Fa abbastanza riflettere il sostanziale silenzio dei principali opinion maker italiani, riguardo gli attacchi subiti da Gianluigi Nuzzi, cronista di Libero e autore del best seller Sua Santità, edito da Chiearelettere. La storia la saprete tutti, ma vale la pena di riassumerla in poche righe: Nuzzi pubblica Sua Santità, un libro in cui raccoglie carte “segrete” che giravano in Vaticano. Carte riguardanti i rapporti di forza e poteri interni ai sacri palazzi (il papa e il capo dei Vescovi italiani Tarcisio Bertone, gli intricati e intrigati rapporti con la politica italiana, ecc). Il quadro che ne esce non è edificante, ma certo informativo. Dice delle imperfezioni (umanissime, che il “perfettismo è un’eresia, come direbbe il mio amico Giuseppe Baiocchi) che attraversano il cuore del potere e della dottrina ecclesiastica (che sta in Vaticano, ovviamente), e certo è interessante conoscerli in un paese – il nostro – in cui l’influenza culturale e politica della Chiesa Cattolica non ha bisogno di essere dimostrata.
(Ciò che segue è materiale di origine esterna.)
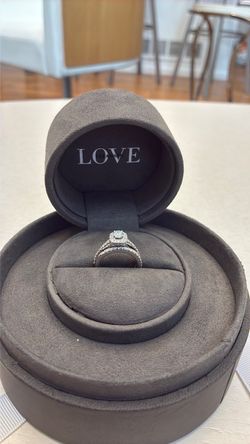 Vera Wang 14k wt gold round diamond engagement ring/band set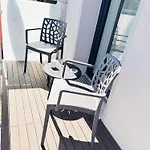 Clubhaus 6 - Dachwohnung Mit 2 Schlafzimmern, Balkon & Netflix 아파트 워비스
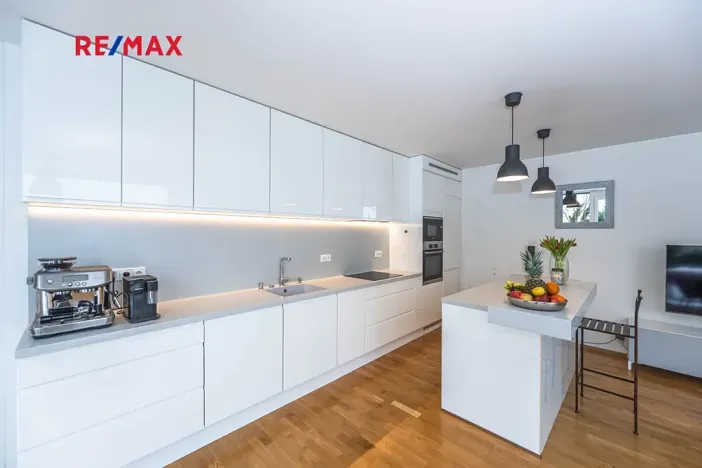 Pronájem vily, Praha - Lysolaje, 150 m2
Bene. Il Vaticano si attiva, l’assistente di camera Gabriele finisce nei guai con la giustizia vaticana e il Vaticano stesso attacca apertamente Nuzzi e il suo editore paventando l’ipotesi di ricettazione, furto e di altri reati assortiti. Ognuno ovviamente tutela i propri interessi come ritiene giusto, e se il Vaticano vuole minacciare o fare ricorsi alla giustizia – forte dello status, improvvisamente gradito Oltre Tevere di “Stato estero” – può naturalmente farlo.
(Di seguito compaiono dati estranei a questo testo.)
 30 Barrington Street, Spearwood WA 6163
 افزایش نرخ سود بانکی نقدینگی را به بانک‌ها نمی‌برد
A me però, da collega di Nuzzi che stima chi come lui sa fare inchieste e trovare notizie, resta un dubbio: perchè non c’è stata una generale, unitaria, convinta difesa del suo lavoro e del suo diritto di pubblicare quelle carte? Perchè in una categoria sempre pronta a gridare alla censura quando si sollevavano dubbi sulla pubblicazione di intercettazioni oggettivamente irrilevanti, non si è alzato un grido compatto in difesa del dovere (deontologico) di dare le notizie che si hanno?
Mi terrò il dubbio. Intanto Nuzzi, giusto oggi, si è difeso da solo sulle colonne del suo giornale. Per quel che vale, mi fa piacere (e mi è dovere) dire che sto con lui. E, dopotutto, pure con le ragioni fondative del mestiere che faccio e che amo.